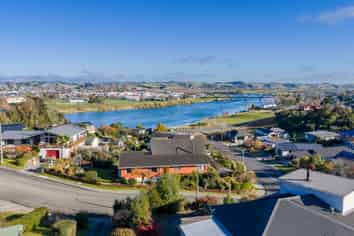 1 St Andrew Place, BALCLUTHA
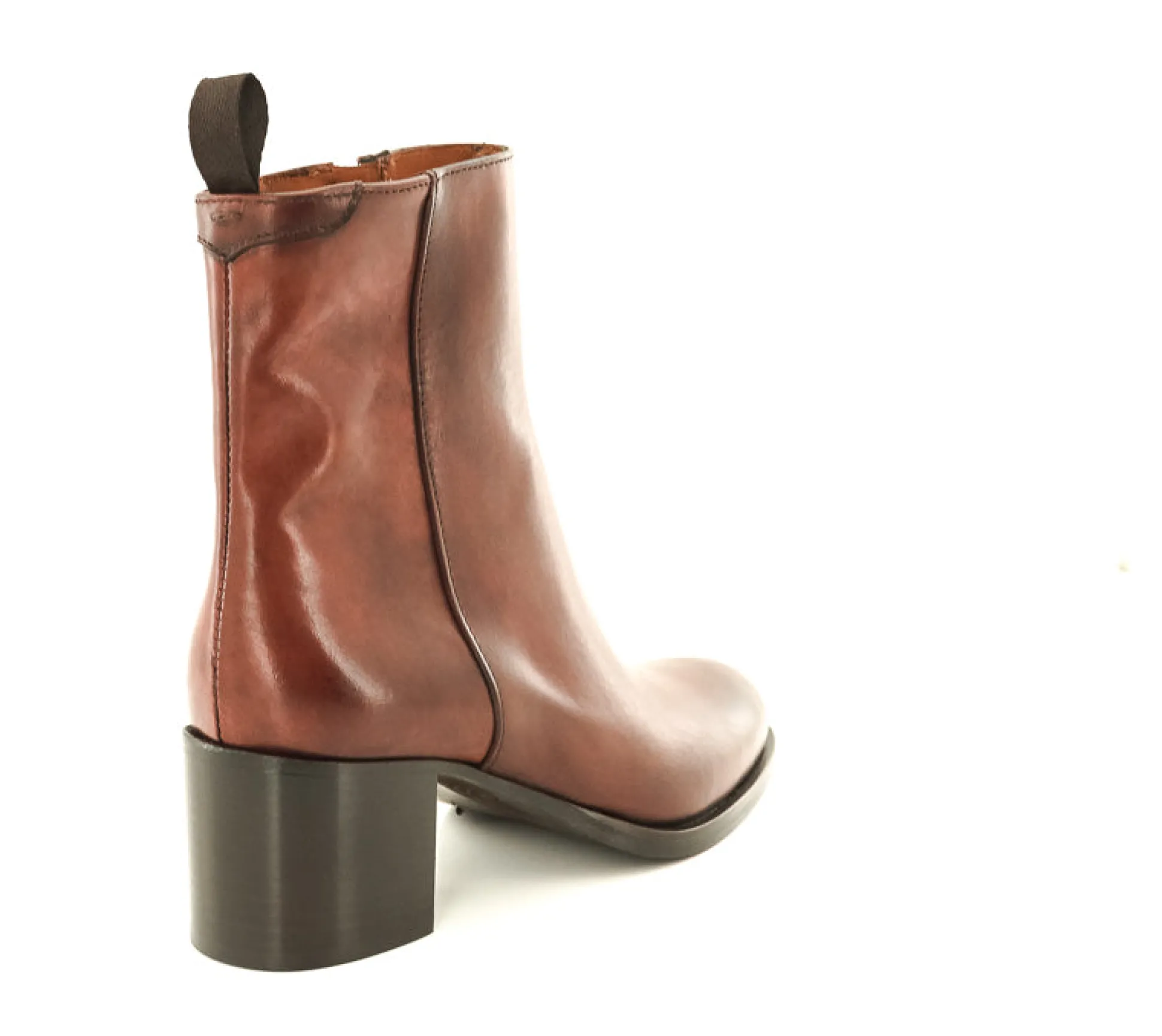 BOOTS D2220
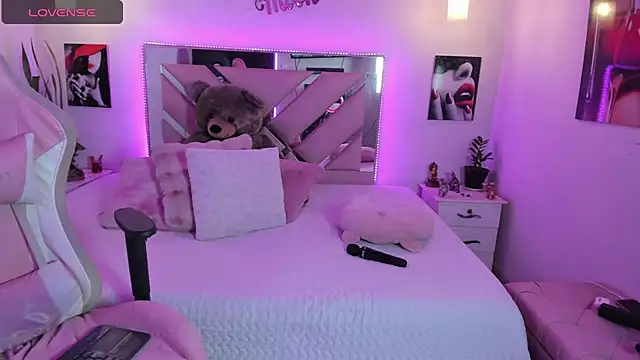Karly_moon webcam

----------------------------------------

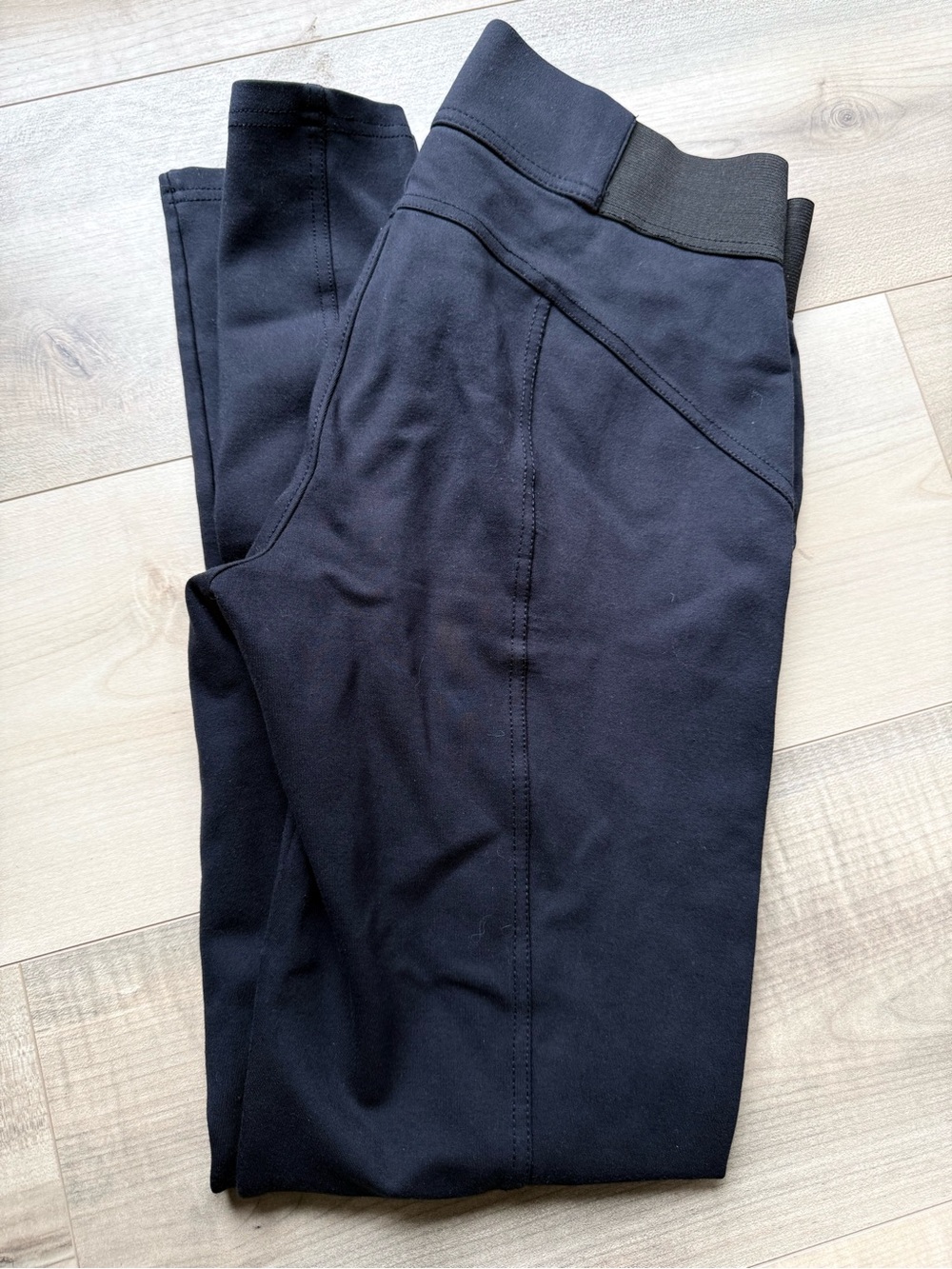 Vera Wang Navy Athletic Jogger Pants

----------------------------------------

> _Exercise_: Keep to the stretch from the line containing "1 St Andrew Place, BALCLUTHA" through the line containing "Karly_moon webcam", both ends included, and copy it exactly from the listing above, minus the pictures.

> _Response area_:
 1 St Andrew Place, BALCLUTHA
 BOOTS D2220
Karly_moon webcam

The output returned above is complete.